At first, the Finance Ministry mentioned an NIS 8 billion budget cut, and now it is talking about one of NIS 13 billion. Let's say there is a NIS 10 billion shortfall, and until the plan is put into action, half the year will have passed. Therefore, in order to cut NIS 10 billion, Finance Minister Silvan Shalom will have to slash annual expenditures by NIS 20 billion - a vast sum. But even in an emergency situation, there are right and wrong ways of going about things. So here are some suggestions, in order of dreadfulness.

1. Canceling the increase in child allowance for the fifth child upward is the most correct proposal, since it is both economically and socially correct. Cancelation would discourage poor families from having more children.

2. The second law that should be annulled is the Negev Law, which grants unjustified tax benefits to all Negev residents. At the same time, the ministry should cancel the tax breaks for residents of the settlements and the North. All told, this would lead to an enormous saving of NIS 1.6 billion.

3. Deferment of reductions in betterment tax, sales tax and other benefits recently granted by the Rabinowitz Committee to the real estate sharks and contractors - NIS 700 million.

4. Cutting ministry budgets. And don't be taken in with ministers' tears. There are superfluous ministries that should be closed, such as religious affairs, there are ministries which could be combined to avoid an overlap and there are local authorities which should be amalgamated.

5. The number of yeshiva students who receive monthly stipends from the Religious Affairs Ministry has risen dramatically in recent years, and it is clear that some exist only on paper. The number stands at 220,000 today, and the taxpayer does not have sufficient strength to make a living for such a vast number of parasites who live at the expense of the public, without working.

6. Every year, wages in the public sector rise automatically by 3 percent due to promotions and seniority pay. Therefore, public-sector pay should be frozen, thereby saving NIS 1.3 billion.

7. A security levy. Even without a levy, the working public's tax burden is too high and encourages emigration. So this is a bad idea. The only consolation - a levy is temporary.

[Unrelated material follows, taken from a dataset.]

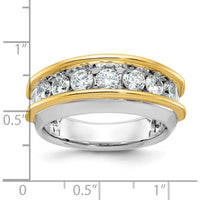 14K Two-Tone Gold Men's Polished Band Ring with 7 Stone Settings - Ideal for Custom Diamond or Gemstone Inlays by IBGoodman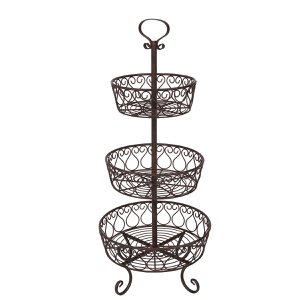 Fruit / flowers cake stand antique brown 80cm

8. Defense tax. The difference between this and the levy is that this is long term, and therefore, worse.

9. Compulsory loan. This is a dreadful solution, since a loan has all the bad qualities of a tax, and, in addition, there is the problem of implementation. With a loan, the budget deficit doesn't even drop since it is money that eventually needs to be repaid.

10. Increasing the budget deficit. This is the absolute worst solution, because a state that plans a deficit larger than 3 percent GDP, after finishing 2001 with a deficit of 4.5 percent, is a dangerous state that you wouldn't want to trade with, to invest in or to lend to, except at clearance prices.